I wondered whether this jolly fat man, whose books feature half-dead whores begging for some pure heroin they can use to overdose on and retard families torturing kittens to pass a rainy afternoon, sees his work as a little cynical with regard to human nature; "As a detective I know that if I wanted to find someone bad enough, I could just corrupt his friends or family by offering them money and they'd turn him up, very often a mother would turn up her son for 20 bucks. Maybe you think its cynicism, I think its realism. I look at myself and I see things inside myself that if I was strong enough and bright enough I would certainly change. I don't think I'm particularly susceptible to money corruption or sex corruption because I'm wondeffully happy with my wife and I'm doing what I want with my life, I'm writing, I've had a charmed life in that way, I found out in college that I wanted to do something and Jesus I've done it. So in those ways I'm not corruptible but I'm corruptible in other ways.I think we all have ways in which we don't meet the image we'd like to hold of ourselves. Yet you take a novel like Interface and its a romance. Its about a man and woman who love each other, they go about solving their problem in a very odd way but really its a love story. So no, I don't think I'm cynical. I think Ross Thomas is a cynic!"

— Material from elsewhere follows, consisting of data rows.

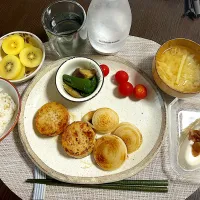 7/22晩ご飯：長芋と玉ねぎのバタポンステーキ|ななみんさん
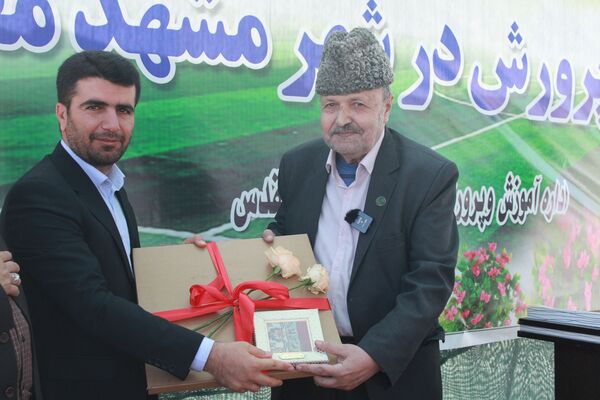 آیین افتتاحیه بزرگترین زمین چمن مصنوعی آموزش و پرورش خراسان رضوی در حاشیه شهر مشهد 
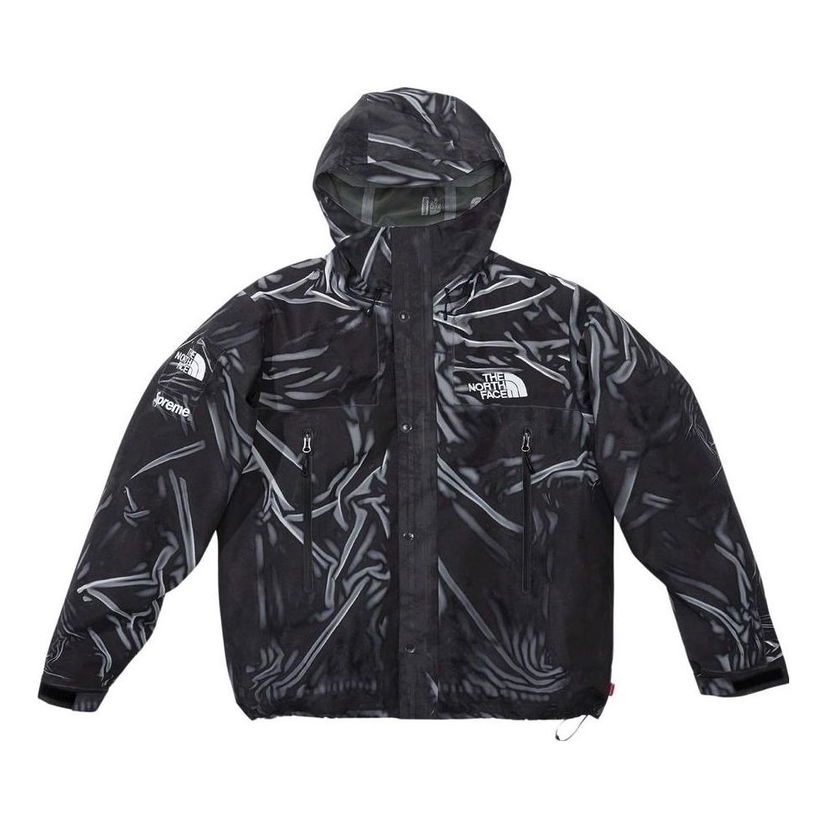 Bomber jakna Supreme Supreme x The North Face Printed Taped Seam Shell Jacket Črna | SUP-SS23-080
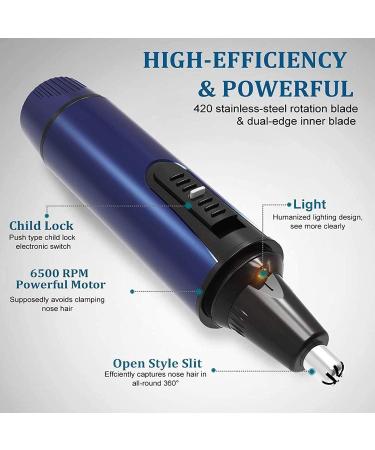 KouRy 3-in-1 Ear & Nose Hair Trimmer - USB Rechargeable Electric Eyebrow & Facial Hair Clipper with Waterproof Stainless Steel Blade - Buy Online on GoSupps.com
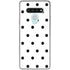 White and Black Polka Dots LG Stylo 6 Clear Case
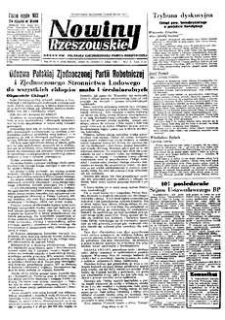 Nowiny Rzeszowskie : organ KW Polskiej Zjednoczonej Partii Robotniczej. 1952, R. 4, nr 41 (16-17 lutego)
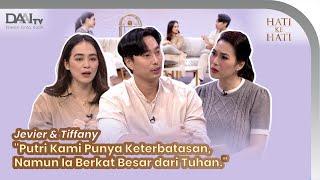 Dikaruniai Putri dengan Celebral Athrophy, Jevier Justin & Tiffany Orie Janji Beri Cinta Terbaik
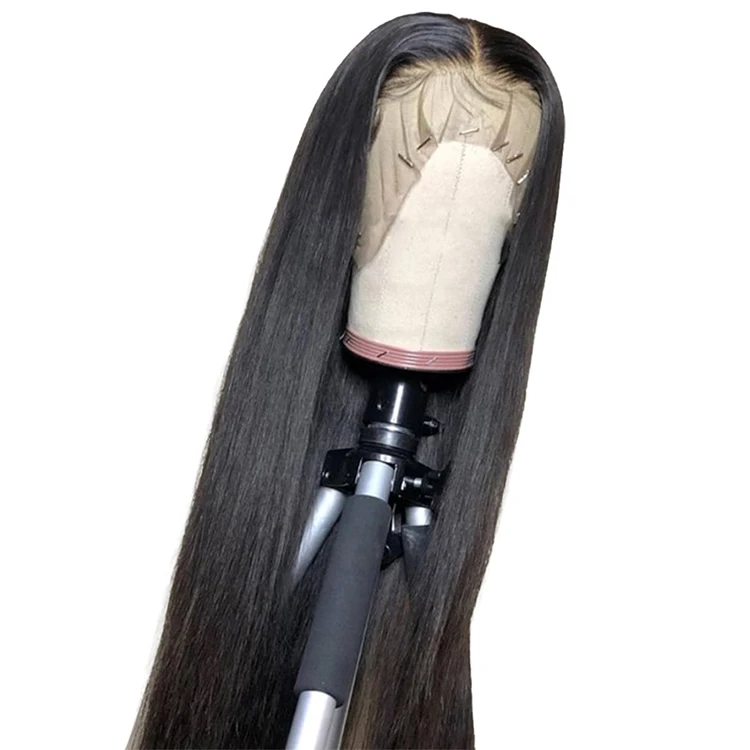 Qingdao factory overnight delivery cuticle aligned virgin human hair natural straight lace frontal wig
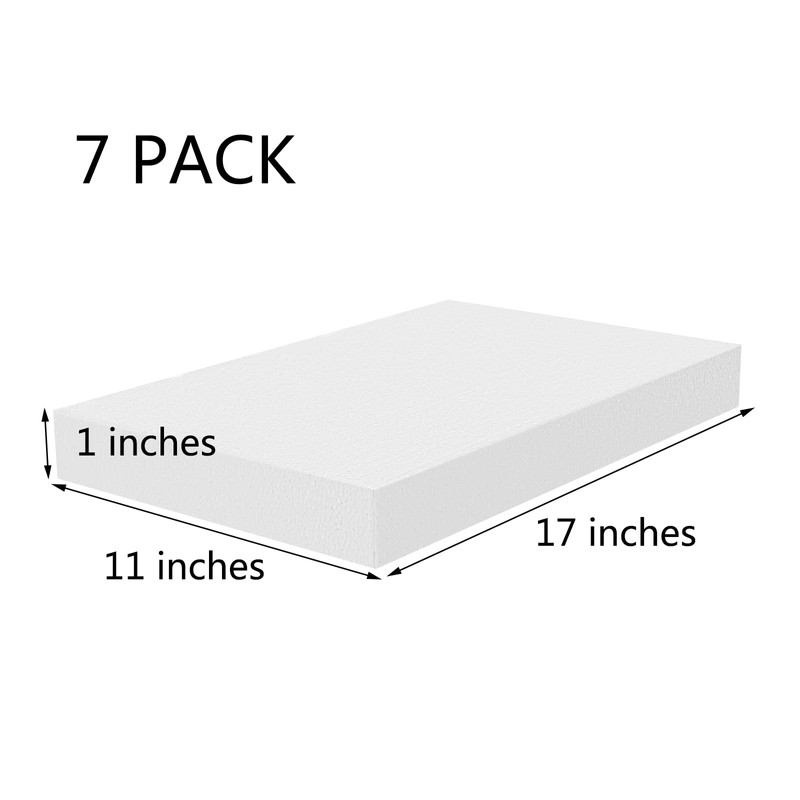 AMZQNART Craft Foam Blocks, 1 in Thick 17x11" EPS Polystyrene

Joe Gores has got to get back to work doctoring scripts for another American cop show whose merits he seems fairly philosophical about. Gores sends his best to most of the writer's I'm going to see, laments the fact that JAmes Crumley has never had any of his scripts made ("Dancing Bear that's one of the best scripts I've ever seen") and I head up north toward San Francisco, wondering if its really going to be the 'rat's nest of junk, alcohol and vice that the jacket copy for Interface promises.